Why all this extra DNA? A gene is more than its protein

Step back and add it up. Promoter, two UTRs, several introns, and a constellation of distant enhancers, silencers, and insulators: in a human gene, the letters that actually specify the protein are usually a minority of the DNA involved. This is the gene-level face of something you met last guide, the gulf between coding and non-coding DNA. The extra material is not waste. It is the apparatus of control: it decides whether, when, where, and how much a gene speaks. Once 'junk DNA' was a fashionable label for everything non-coding; today we know much of it is doing exactly this regulatory work, even if some of it truly is inert.

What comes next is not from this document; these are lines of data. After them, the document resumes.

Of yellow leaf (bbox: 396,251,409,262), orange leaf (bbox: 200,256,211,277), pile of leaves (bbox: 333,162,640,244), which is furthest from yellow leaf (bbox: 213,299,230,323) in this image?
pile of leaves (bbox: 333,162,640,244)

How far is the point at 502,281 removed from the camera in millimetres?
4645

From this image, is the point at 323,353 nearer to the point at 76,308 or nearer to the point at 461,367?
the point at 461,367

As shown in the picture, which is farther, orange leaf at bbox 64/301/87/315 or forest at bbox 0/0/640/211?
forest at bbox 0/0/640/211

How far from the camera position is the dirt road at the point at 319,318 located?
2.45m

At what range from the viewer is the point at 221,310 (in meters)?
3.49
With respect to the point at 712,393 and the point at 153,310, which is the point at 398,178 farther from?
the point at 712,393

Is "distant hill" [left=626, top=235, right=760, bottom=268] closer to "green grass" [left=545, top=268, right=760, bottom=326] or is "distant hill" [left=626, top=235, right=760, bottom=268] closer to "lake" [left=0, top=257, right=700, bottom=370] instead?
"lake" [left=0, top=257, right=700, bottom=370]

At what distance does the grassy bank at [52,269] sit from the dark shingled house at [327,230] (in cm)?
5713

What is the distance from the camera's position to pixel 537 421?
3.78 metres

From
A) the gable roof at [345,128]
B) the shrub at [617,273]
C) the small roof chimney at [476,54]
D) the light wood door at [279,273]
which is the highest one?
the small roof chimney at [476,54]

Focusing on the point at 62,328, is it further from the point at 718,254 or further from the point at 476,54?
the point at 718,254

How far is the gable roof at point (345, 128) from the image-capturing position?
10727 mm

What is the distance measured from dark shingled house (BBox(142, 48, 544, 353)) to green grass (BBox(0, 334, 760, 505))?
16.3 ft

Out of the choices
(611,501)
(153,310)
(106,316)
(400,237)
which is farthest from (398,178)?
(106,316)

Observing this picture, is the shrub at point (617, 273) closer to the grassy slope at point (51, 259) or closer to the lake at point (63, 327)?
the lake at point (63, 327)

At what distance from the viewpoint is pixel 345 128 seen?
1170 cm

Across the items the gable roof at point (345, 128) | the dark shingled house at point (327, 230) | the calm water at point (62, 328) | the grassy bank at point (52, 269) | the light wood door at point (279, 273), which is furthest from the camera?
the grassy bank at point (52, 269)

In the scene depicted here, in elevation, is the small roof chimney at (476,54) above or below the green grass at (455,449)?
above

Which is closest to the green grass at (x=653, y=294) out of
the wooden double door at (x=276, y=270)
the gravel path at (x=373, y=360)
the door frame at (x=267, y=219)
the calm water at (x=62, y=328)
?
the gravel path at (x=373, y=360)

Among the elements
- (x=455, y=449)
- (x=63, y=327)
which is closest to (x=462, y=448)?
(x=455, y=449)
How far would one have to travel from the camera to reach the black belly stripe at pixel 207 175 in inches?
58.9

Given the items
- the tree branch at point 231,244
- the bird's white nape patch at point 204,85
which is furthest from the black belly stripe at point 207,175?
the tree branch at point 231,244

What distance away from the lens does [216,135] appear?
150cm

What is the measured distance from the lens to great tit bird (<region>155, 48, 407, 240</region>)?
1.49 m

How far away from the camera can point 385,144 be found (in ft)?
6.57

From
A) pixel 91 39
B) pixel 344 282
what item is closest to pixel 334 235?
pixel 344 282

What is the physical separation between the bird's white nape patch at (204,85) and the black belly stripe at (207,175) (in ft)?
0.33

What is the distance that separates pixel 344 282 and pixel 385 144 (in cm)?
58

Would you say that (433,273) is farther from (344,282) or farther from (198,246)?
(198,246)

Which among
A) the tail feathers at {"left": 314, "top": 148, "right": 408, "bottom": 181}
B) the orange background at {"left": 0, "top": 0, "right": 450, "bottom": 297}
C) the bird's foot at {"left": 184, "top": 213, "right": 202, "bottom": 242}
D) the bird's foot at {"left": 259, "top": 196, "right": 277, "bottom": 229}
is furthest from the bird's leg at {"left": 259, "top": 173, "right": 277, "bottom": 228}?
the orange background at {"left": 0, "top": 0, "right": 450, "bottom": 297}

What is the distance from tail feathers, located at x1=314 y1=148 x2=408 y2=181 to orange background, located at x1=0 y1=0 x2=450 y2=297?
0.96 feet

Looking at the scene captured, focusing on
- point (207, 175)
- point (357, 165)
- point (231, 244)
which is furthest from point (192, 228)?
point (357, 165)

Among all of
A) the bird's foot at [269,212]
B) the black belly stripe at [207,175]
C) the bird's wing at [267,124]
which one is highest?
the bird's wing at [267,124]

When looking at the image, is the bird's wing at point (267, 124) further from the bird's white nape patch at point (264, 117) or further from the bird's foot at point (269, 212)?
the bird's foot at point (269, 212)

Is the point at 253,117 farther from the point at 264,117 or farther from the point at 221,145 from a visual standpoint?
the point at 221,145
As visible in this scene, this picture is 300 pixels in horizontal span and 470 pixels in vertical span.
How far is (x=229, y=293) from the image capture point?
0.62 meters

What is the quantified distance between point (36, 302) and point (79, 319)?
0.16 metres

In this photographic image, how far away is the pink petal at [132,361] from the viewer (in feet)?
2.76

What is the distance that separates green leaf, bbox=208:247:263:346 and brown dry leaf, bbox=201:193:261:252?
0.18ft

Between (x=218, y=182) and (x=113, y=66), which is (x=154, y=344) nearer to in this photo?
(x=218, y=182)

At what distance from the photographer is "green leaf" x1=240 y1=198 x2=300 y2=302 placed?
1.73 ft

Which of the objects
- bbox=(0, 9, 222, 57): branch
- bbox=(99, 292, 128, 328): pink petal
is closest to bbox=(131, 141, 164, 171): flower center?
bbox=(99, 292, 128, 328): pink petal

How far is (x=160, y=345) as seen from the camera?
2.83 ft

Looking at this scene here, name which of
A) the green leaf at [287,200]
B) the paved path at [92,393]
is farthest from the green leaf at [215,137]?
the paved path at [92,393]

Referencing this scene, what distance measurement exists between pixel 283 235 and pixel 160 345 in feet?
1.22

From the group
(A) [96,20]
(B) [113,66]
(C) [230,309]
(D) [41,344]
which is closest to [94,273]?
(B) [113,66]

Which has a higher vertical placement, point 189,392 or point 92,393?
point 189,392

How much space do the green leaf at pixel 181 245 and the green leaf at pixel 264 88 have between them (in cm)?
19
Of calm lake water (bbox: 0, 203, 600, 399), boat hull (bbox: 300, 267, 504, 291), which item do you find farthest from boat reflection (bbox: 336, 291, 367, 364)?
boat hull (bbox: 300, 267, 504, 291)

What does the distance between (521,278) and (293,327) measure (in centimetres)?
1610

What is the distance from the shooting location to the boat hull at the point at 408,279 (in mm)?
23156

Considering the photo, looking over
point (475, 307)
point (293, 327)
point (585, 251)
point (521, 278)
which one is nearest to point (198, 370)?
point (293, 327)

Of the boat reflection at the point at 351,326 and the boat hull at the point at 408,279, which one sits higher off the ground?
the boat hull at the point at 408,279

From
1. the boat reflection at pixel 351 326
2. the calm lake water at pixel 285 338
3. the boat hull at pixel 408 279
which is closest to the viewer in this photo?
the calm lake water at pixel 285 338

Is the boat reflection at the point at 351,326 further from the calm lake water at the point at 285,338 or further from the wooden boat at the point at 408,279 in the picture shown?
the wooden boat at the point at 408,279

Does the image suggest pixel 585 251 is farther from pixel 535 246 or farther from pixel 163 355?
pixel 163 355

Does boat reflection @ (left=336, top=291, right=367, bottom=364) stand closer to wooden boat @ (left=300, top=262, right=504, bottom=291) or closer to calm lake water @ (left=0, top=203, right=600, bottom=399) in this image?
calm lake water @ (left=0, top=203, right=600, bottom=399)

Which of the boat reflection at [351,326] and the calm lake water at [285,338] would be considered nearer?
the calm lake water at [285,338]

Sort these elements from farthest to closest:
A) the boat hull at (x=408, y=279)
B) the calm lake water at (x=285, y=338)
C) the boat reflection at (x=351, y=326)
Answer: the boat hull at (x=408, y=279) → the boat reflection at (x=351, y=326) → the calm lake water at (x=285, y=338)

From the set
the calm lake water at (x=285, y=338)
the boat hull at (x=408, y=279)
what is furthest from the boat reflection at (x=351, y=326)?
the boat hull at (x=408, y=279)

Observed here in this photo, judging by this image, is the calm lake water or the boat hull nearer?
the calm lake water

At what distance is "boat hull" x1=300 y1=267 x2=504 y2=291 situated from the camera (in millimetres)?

The split structure pays a second dividend. Because the coding region is parcelled into exons, the cell can stitch them together in more than one way. Through alternative splicing, one gene's exons can be combined into several different final messages, each yielding a distinct protein. This is the molecular reason the old slogan 'one gene, one protein' is retired: the average human gene gives rise to more than one protein. The intron-exon layout is not merely tolerated clutter; it is what makes this versatility possible, letting roughly 20,000 genes encode a far larger repertoire of proteins.

  1. Find the promoter and any enhancers: the launch pad and the volume knobs that decide if and how loudly the gene is read.
  2. Mark the transcription start, then the 5' UTR: the cover note read before the recipe begins.
  3. Trace the exons and introns: only the exons (minus the UTRs) carry protein recipe; the introns get cut out.
  4. End at the 3' UTR and polyadenylation signal: the closing label that says where to stop and how long the message survives.

Why dwell on anatomy now, before we have even watched transcription happen? Because every later chapter is a story about these parts. Transcription is the machinery reading the promoter and copying the exons-and-introns into RNA. RNA processing is the editing that removes the introns and splices the exons. Regulation is the conversation between enhancers, silencers, and the proteins that read them. By learning the layout first, you will recognize each player when it walks on stage — and you will already understand the deepest point: a gene is not its protein-coding sequence alone, it is that sequence plus all the instructions that govern when and how it is used.